11. Affirme que l’éducation ne sera vraiment valorisée et respectée que lorsque la valeur des enseignant(e)s sera reconnue et appréciée, ce qui constitue un élément essentiel de la campagne en cours Uni(e)s pour l’éducation de qualité.

12. Estime que, de la même manière que le terrorisme et l’extrémisme ne connaissent pas de frontières, les forces en faveur de la démocratie et du progrès humain doivent elles aussi transcender les frontières; que l’essentiel du travail à accomplir afin de promouvoir la tolérance et la paix se déroulera en classe, et que l’IE doit continuer à défendre les enseignant(e)s et les élèves victimes de violence et soumis à la peur, et contribuer à instaurer un environnement politique qui diminue le risque et mobilise la solidarité internationale.

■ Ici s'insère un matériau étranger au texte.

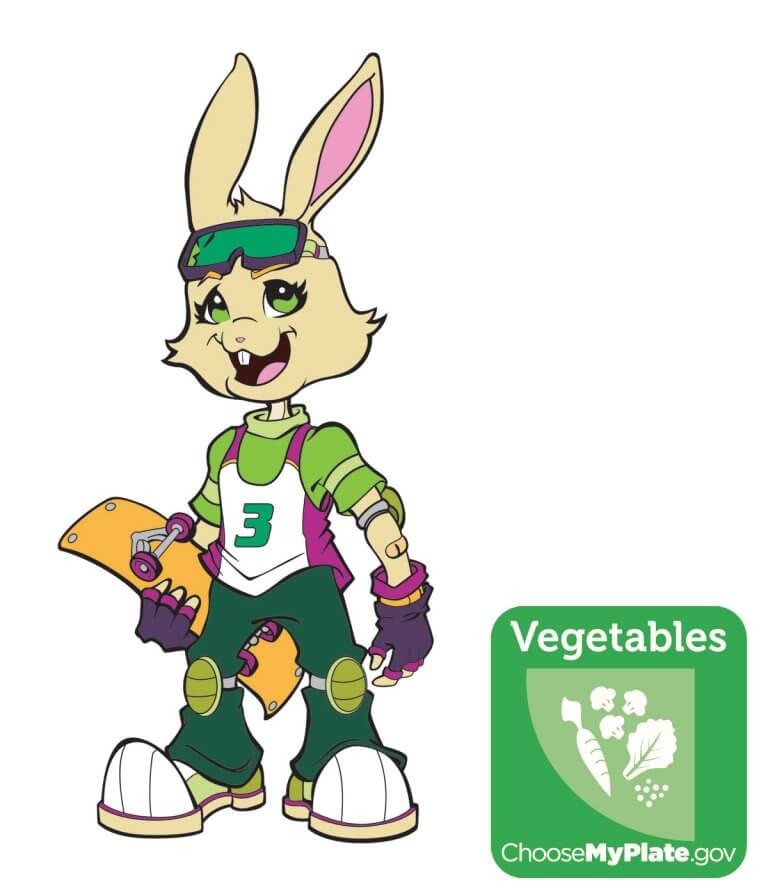 Illustration of Kids Crew character Pepper alongside vegetable food group icon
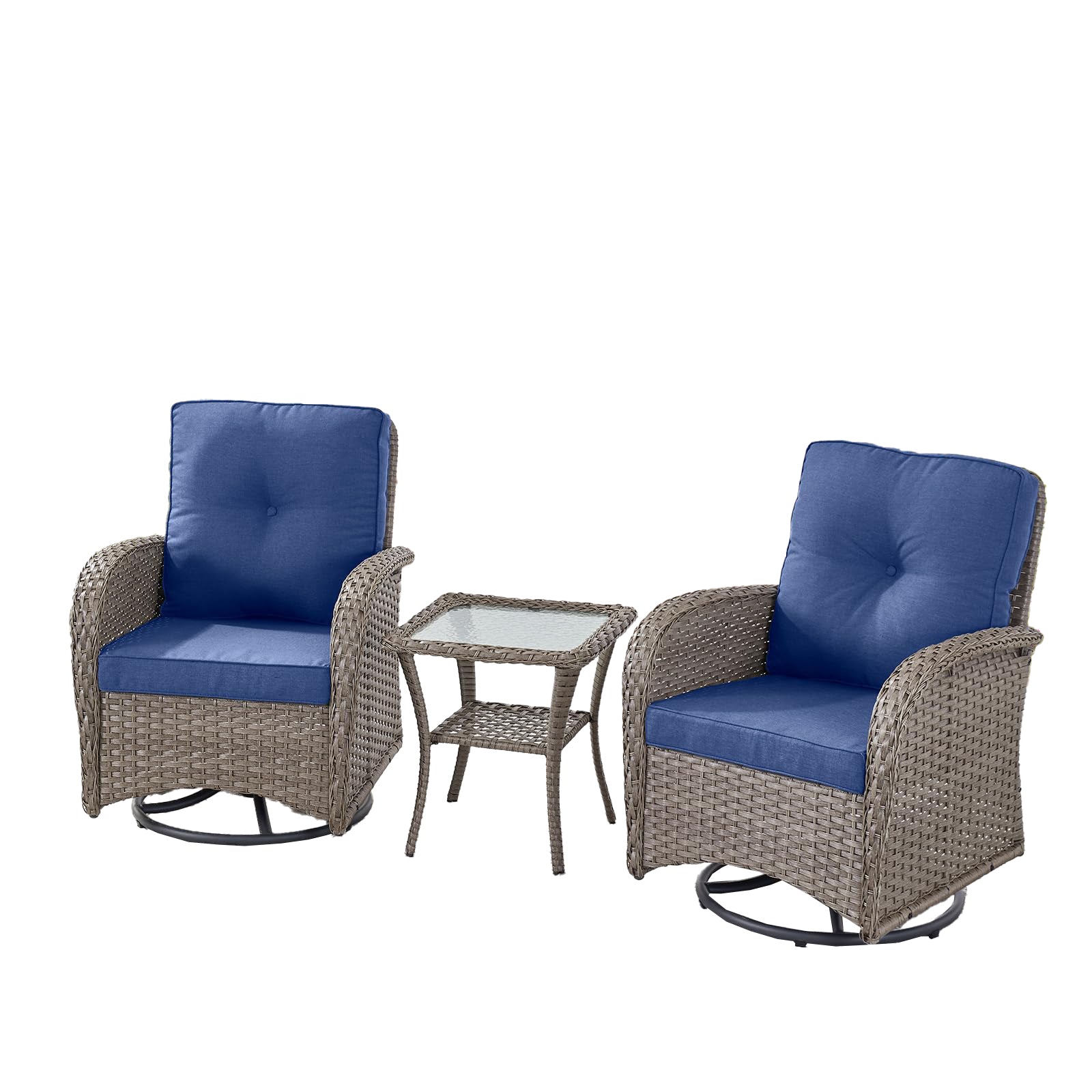 Swivel Glider Chairs Set with Side Table, NDS Series - Grey Wicker / Blue Cushion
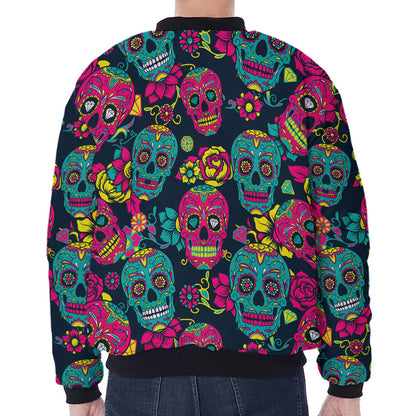 Teal Pink Sugar Skull Pattern Print Zip Sleeve Bomber Jacket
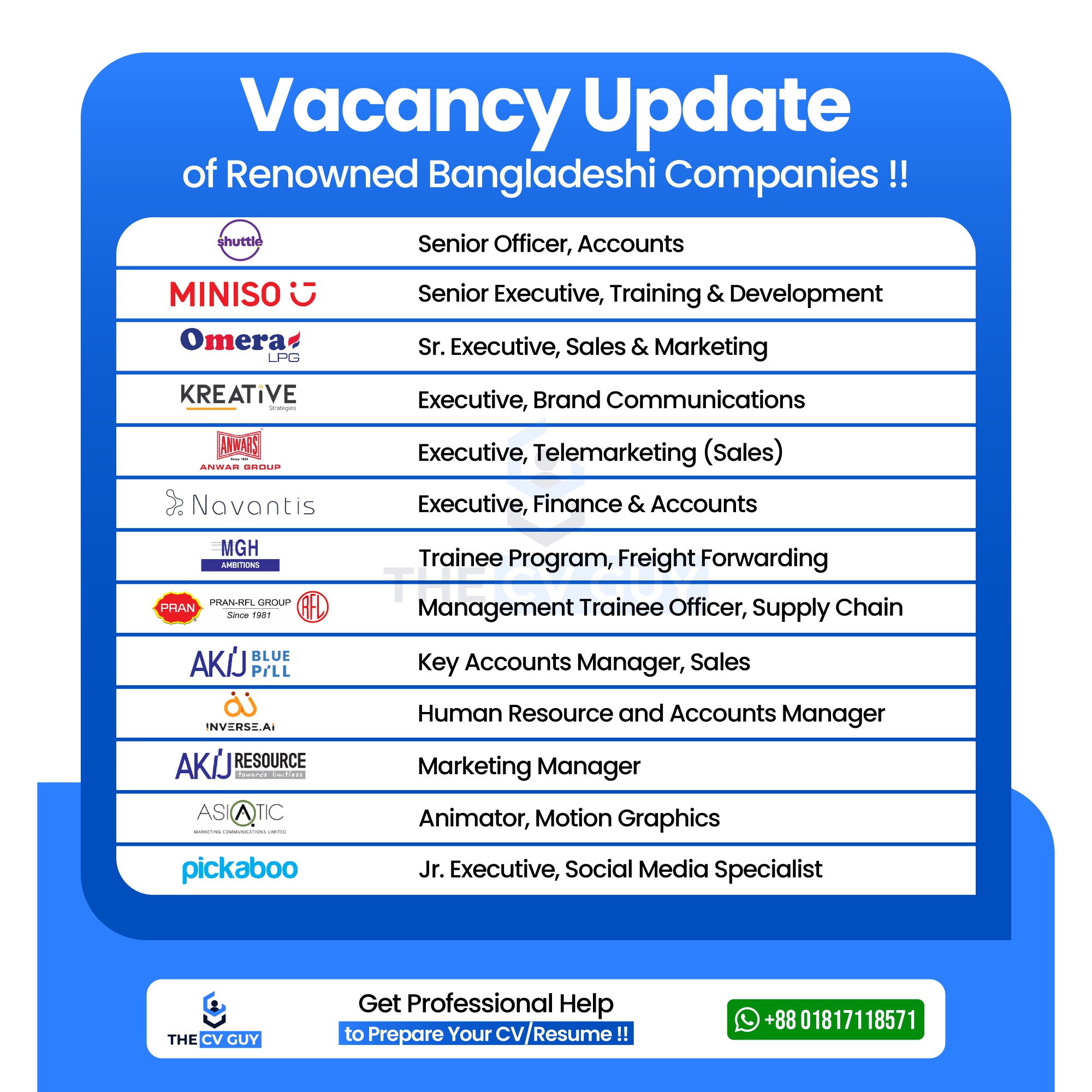 You are currently viewing Exciting Job Opportunities in Top Bangladeshi Companies | Vacancy Update by The CV Guy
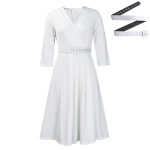 New V-Neck Fashionable Temperament Pleated Elastic Temperament Dress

13. Tout en reconnaissant que la mondialisation de l’économie a renforcé les acteurs du marché, affaibli les idéaux humains et la diversité culturelle revendiqués par l’éducation, les syndicats et autres mouvements démocratiques, l’IE restera vigilante et s’opposera aux actions gouvernementales visant à faciliter ce transfert de pouvoir inédit, notamment les accords sur le commerce et l’investissement qui verrouillent les privilèges et affaiblissent les décisions publiques.

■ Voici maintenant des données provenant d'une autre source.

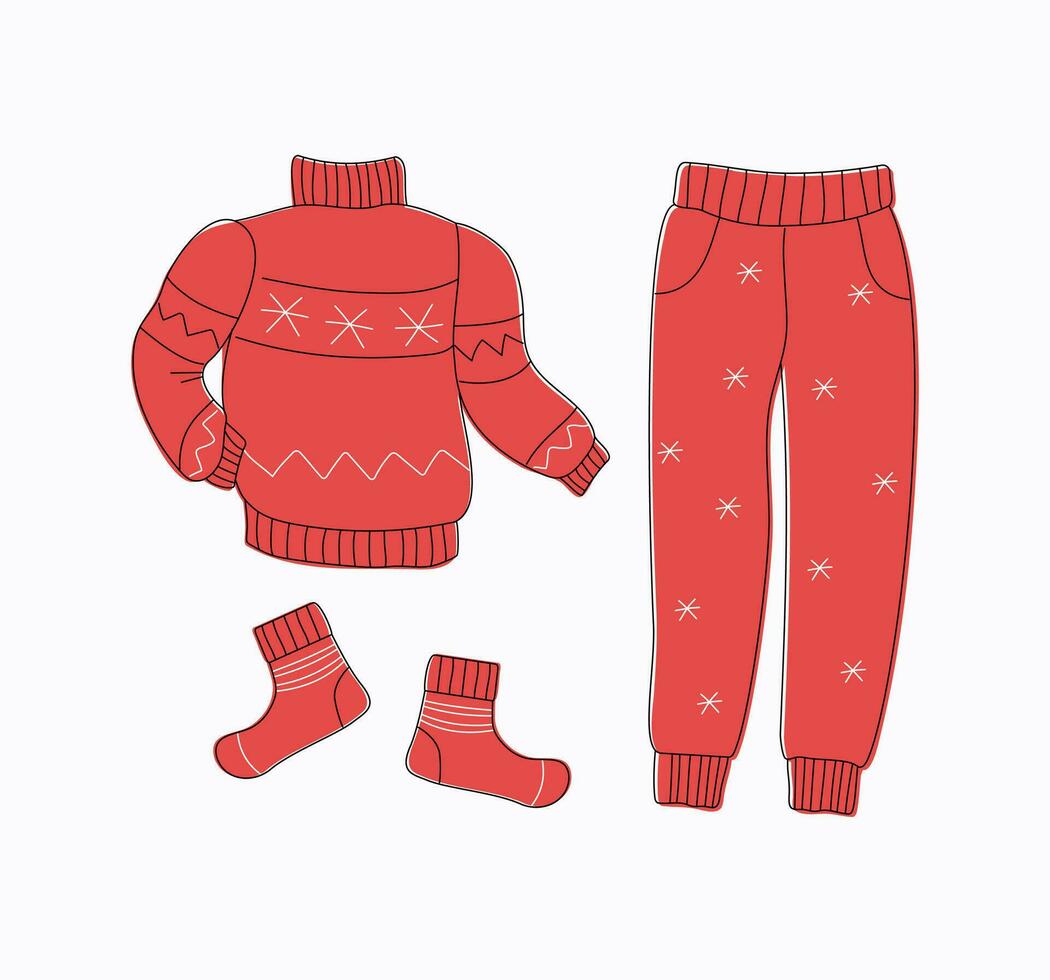 Warm cozy clothes. A set of clothes. Winter knitted sweater, pants and socks. Knitwear, woolen outfit. Linear vector sketch icon isolated white. Autumn, winter season. Knitted jersey with an ornament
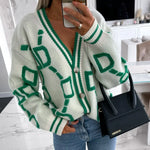 Autumn Winter Women Cardigan knitted Sweater Warm Letter Embroider Fashion knit Cardigans Tops Y2K Lady Loose Sweaters 2023 New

14. Déclare que, pour les éducateurs/trices, le premier combat dans cette lutte mondiale consiste à préserver l’éducation de la culture de la « performance » au détriment des valeurs et de la conformité aux règles du marché, qui s’oppose à la promotion des normes et des valeurs professionnelles en matière d’éducation, et à affirmer qu’une éducation, libre d’apporter sa pleine contribution, est un moyen essentiel pour aborder les principaux défis auxquels est confrontée la planète et pour établir une société juste et décente.

Dans ce contexte, l’IE:

15. Poursuivra ses actions de pression auprès des Nations Unies dans le cadre de la période et du processus post-2015, reconnaissant que ce processus peut contribuer à renforcer l’ONU (notamment les institutions spécialisées) et à la rendre plus crédible, et peut améliorer la gouvernance mondiale et le respect des normes internationales; et que l’engagement de l’IE à l’échelle mondiale aux côtés d’autres organisations internationales, telles que les institutions financières internationales et l’Organisation de coopération et de développement économiques, renforce la lutte des enseignant(e)s dans leur propre pays; et

16. S’efforcera de garantir une présence et un rôle accrus de la société civile dans les mécanismes pertinents des Nations Unies, dont le Conseil de sécurité.